Fenlon, whose Facebook page says he worked at the advertising firm Campbell-Ewald in Warren, graduated from Eastern Michigan University.
He made headlines in 2006 when he caught a home run ball hit by Magglio Ordoñez that sealed the Tigers’ sweep of the Oakland A’s – sending the team to the World Series, said friend Jenny Wroblewski.
Family members declined to comment Sunday, saying they were too distraught.
Friends and family of Langdon could not be reached for comment; Brown’s family declined to comment.
Deaths at marathons are rare. Minneapolis cardiologist Kevin Harris presented a study this year at the American College of Cardiology’s 58th Annual Scientific Session showing the death rate for marathons was 0.8 per 100,000 participants.
Sunday’s fatalities were the first in the race since 1994, when veteran runner Samuel Grafton, 42, of Troy, died of a heart attack at the 22-mile mark.
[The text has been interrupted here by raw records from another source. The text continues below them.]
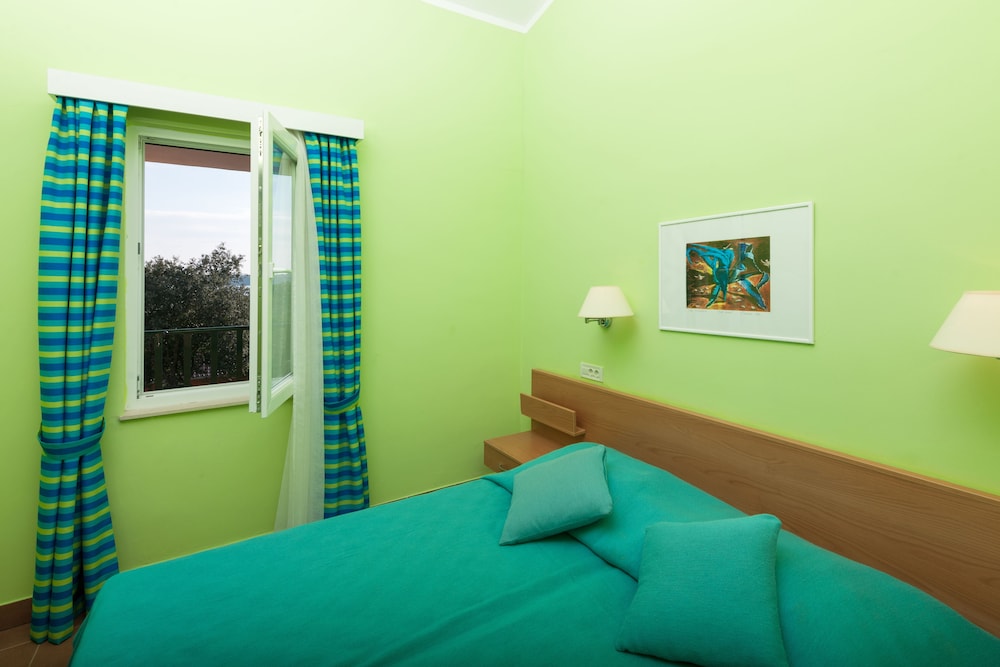 maistra select koversada naturist apartments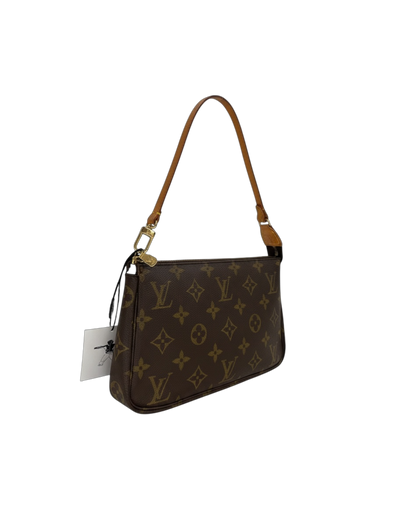 Louis Vuitton sac pochette porté épaule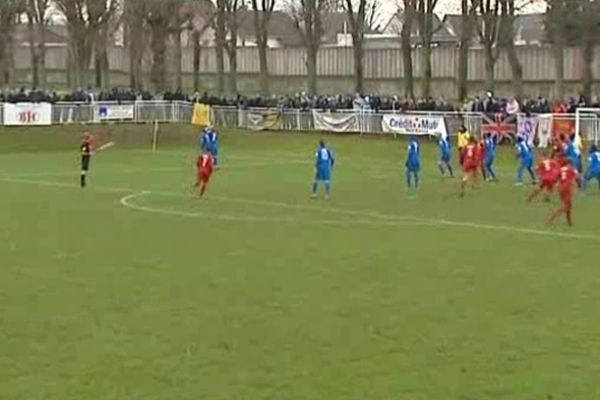 Le stade champêtre de Tinqueux près de Reims où le Stade Malherbe s'est qualifié pour les 32 èmes de finale de la Coupe de France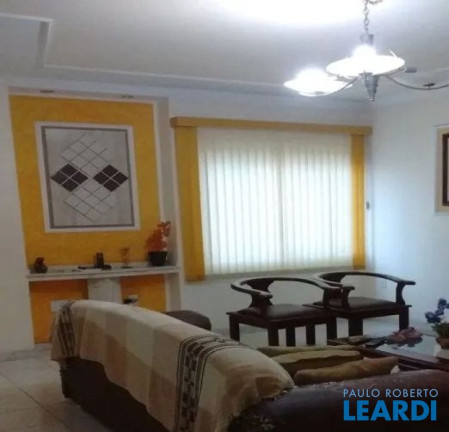 Imagem Sobrado com 3 Quartos à Venda, 256 m² em Campestre - Santo André Imagem Sobrado com 3 Quartos à Venda, 256 m² em Campestre - Santo André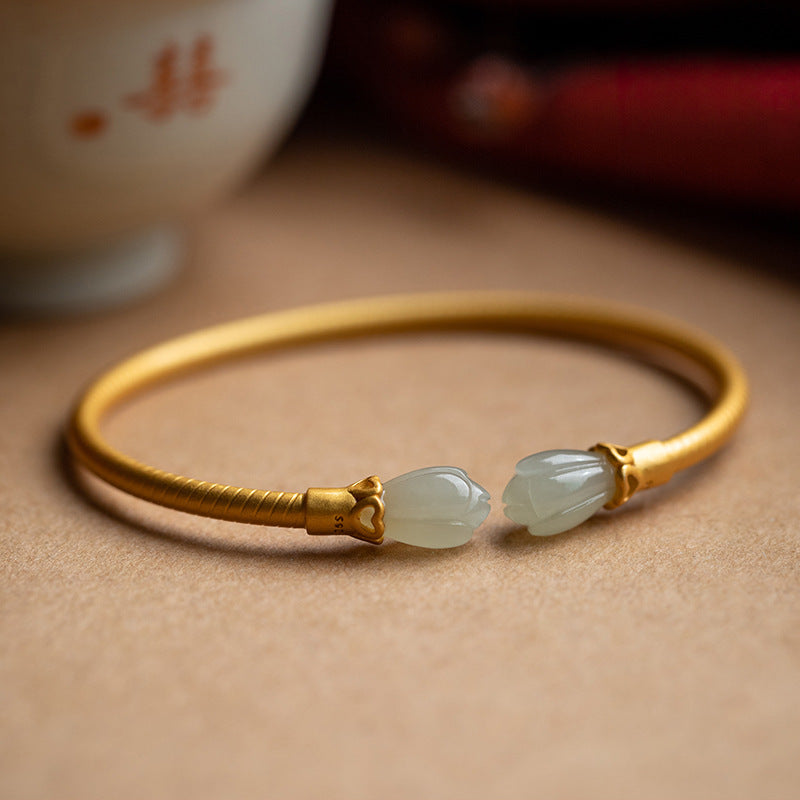 Romantic Gold Bracelet for Special Moments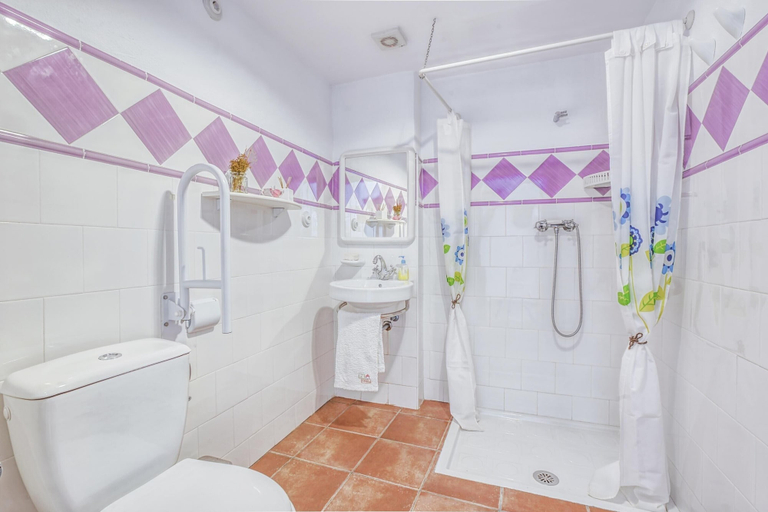 Bathroom 4, Villa in Carcabuey near Sierras Subbeticas Park, Córdoba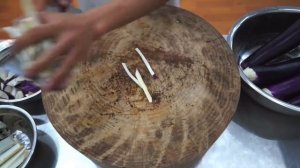 #китайскаякухня Шеф Ваня из Китая покажет как быстро и красиво нарезать баклажан|кухонные трюки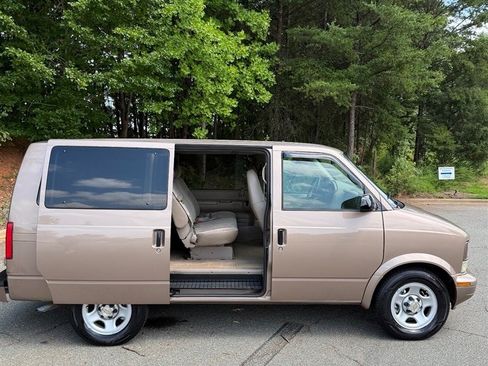 Used 2005 Chevrolet Astro Passenger RWD image 5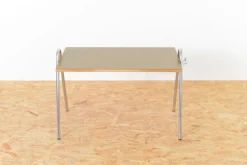Pamono Mid-Century Children's Desk Discount
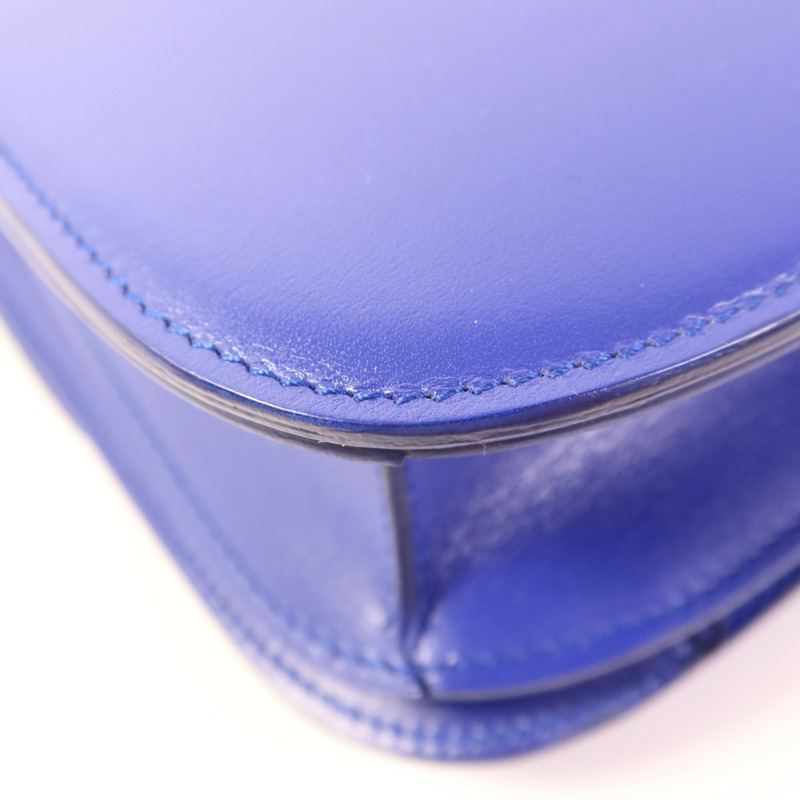 CELINE 牛皮皮革Classic Box M金扣肩背袋-13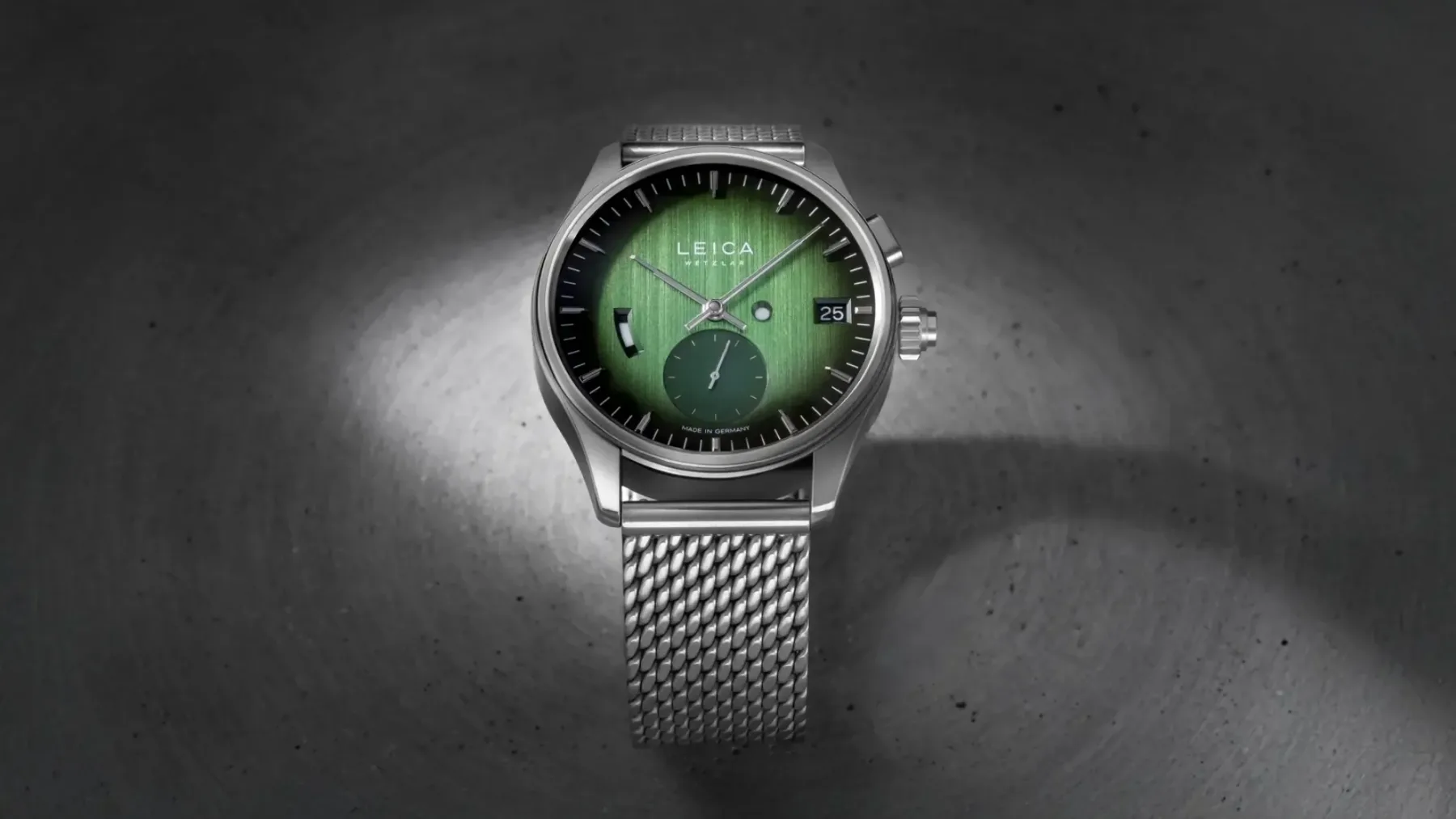 Leica ZM 1 in ZM 2 Urban Green: Ko nemška preciznost zavije v zeleni fumé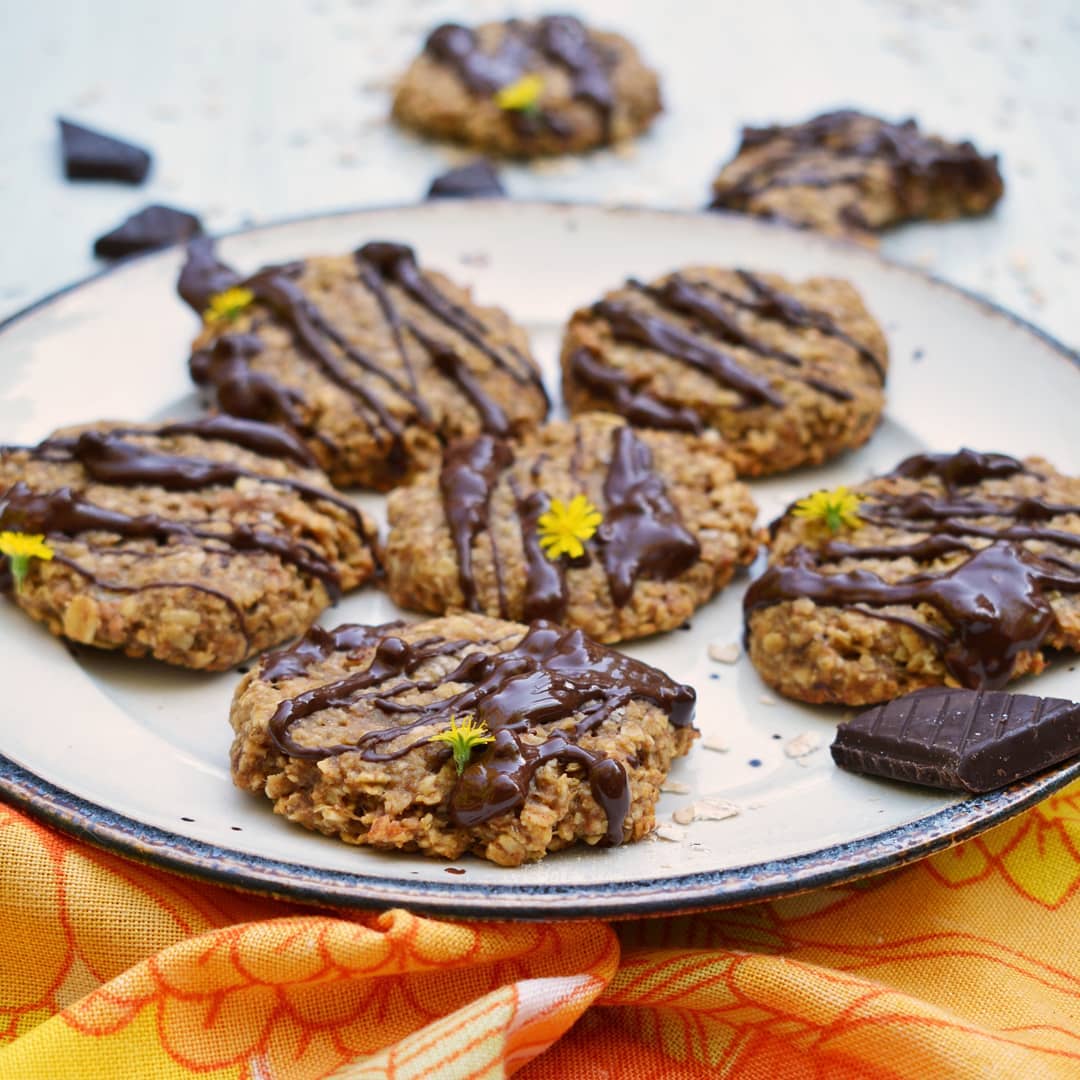Quick and Easy Banana Oat Breakfast Cookies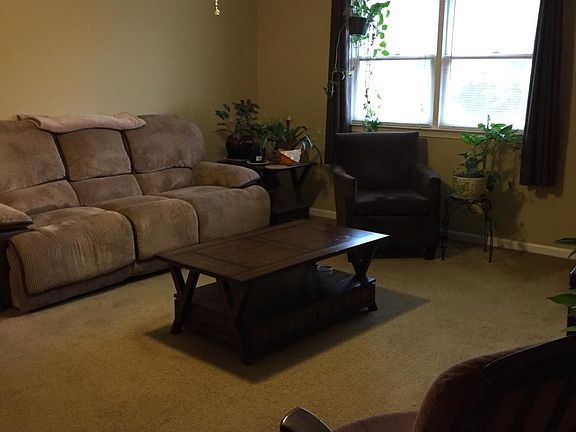 2nd image of 354 S Lincoln Ave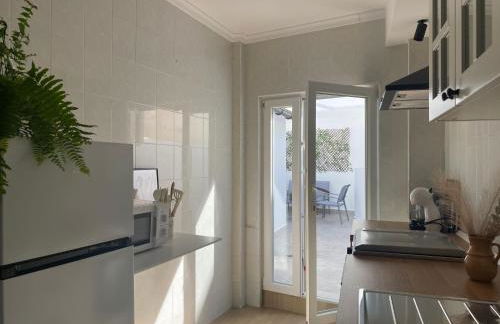 Casa Vera, vistas en el corazon de la ciudad - Photo 14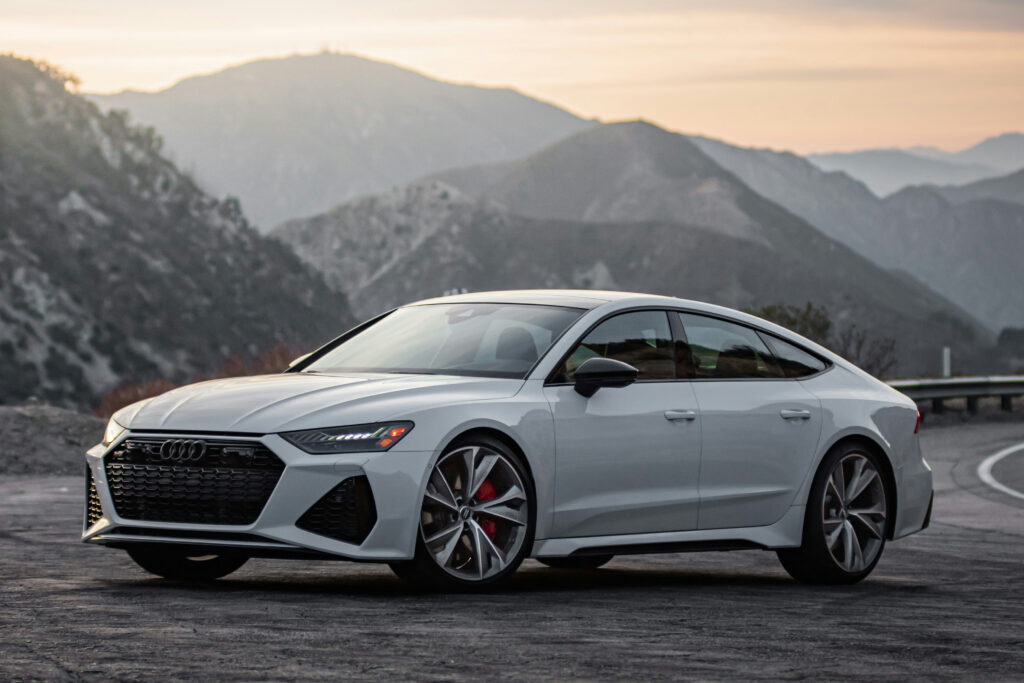 Weißer Audi vor grauem Sonnenuntergang auf Passstraße – Wagenthaler Performance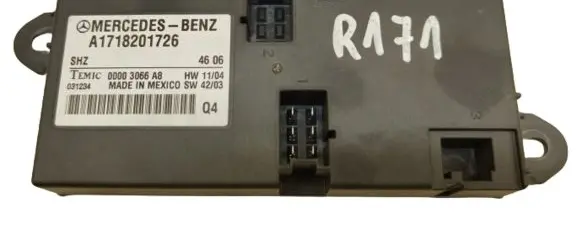 Mercedes-Benz SLK R171 Central body control module A1718201726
Grafton’s death was the only other recorded death in the race’s history.
The deadliest day of running occurred during the 2008 Great North Run half marathon in England in 2005, when four male runners died on a warm and humid September day.
“It’s important to emphasize the rarity of it because far more people have health benefits from the sport than these type of issues occurring,” said Keith Hanson, coach of Hansons-Brooks Distance Project, an elite running club based in Rochester Hills.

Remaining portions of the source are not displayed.